Commercialisation des vins à partir de l’exploitation
Le négoce achète près de la moitié des vins en Savoie et Isère. Ces achats se font généralement en vrac, sauf en Haute-Savoie où la vente en bouteille concerne 90% des quantités. La vente directe à la propriété est pratiquée par 7 exploitations sur 10. Elle se fait totalement en bouteille en Haute-Savoie et pour 80% des volumes en Savoie et dans l’Ain. Durant la dernière décennie, on observe en Savoie un accroissement des quantités vendues directement (+12%), au détriment des ventes en vrac, surtout à la propriété, qui tendent à disparaître. Cette orientation permet aux viticulteurs de récupérer la plus value attachée au produit fini, satisfait son goût au contact et procure la faculté de vendre un produit authentique.

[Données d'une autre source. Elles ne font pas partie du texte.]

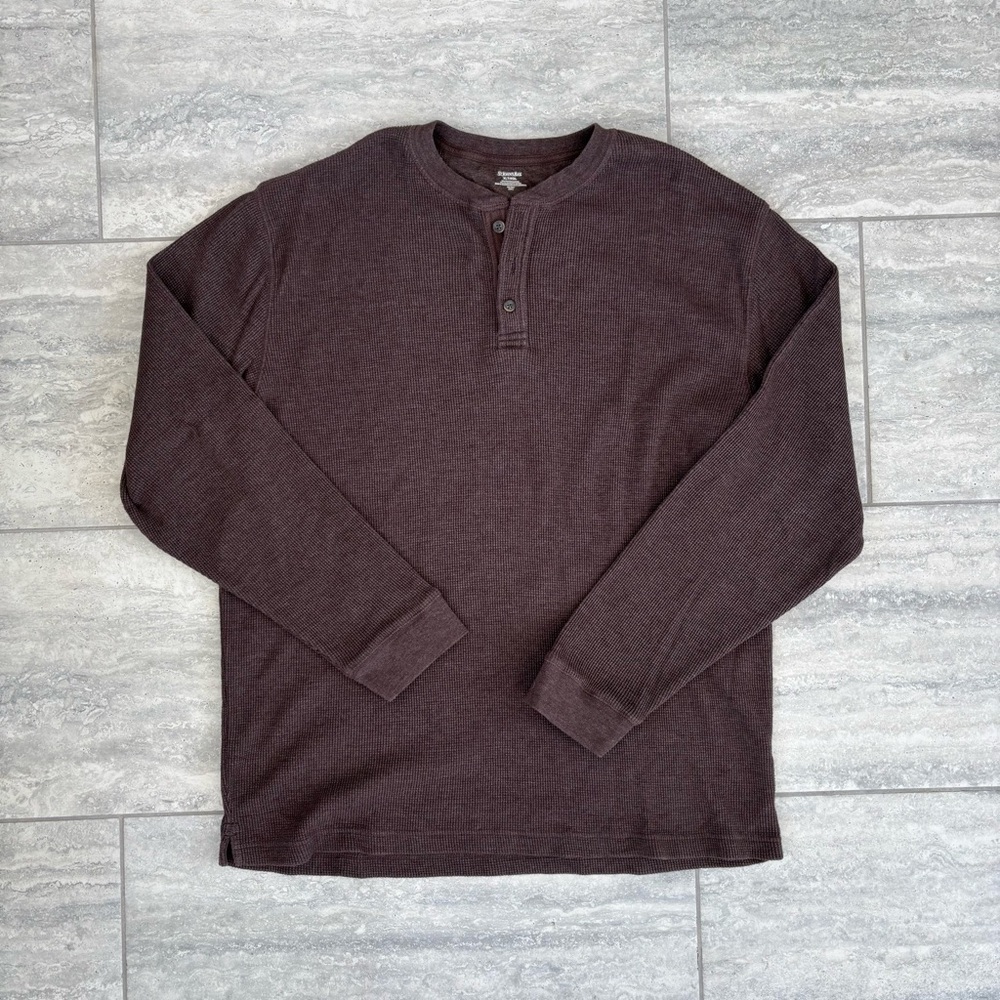 Men’s Long Sleeve Waffle Knit Henley Shirt Brown St. John’s Bay XL Tall EUC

La « Savoyarde » Il s’agit d’une nouvelle bouteille créée en partenariat par le Syndicat Régional des Vins de Savoie, Saint Gobain et BSN, et mise en service par les AOC en 1991. Ce flacon, compromis original entre la « véronique » et la « bourguignonne », est marquée de la Croix de Savoie à l’épaule. L’habillage de la bouteille reste inchangé. Il doit règlementairement comporter le nom de l’AOC, le cru éventuel, le titre alcoométrique, le volume net, le nom ou la raison sociale et la commune de localisation de l’embouteilleur. La capsule sertie coiffant le bouchage porte au sommet le timbre fiscal intégré (congé), de couleur verte pour les AOC.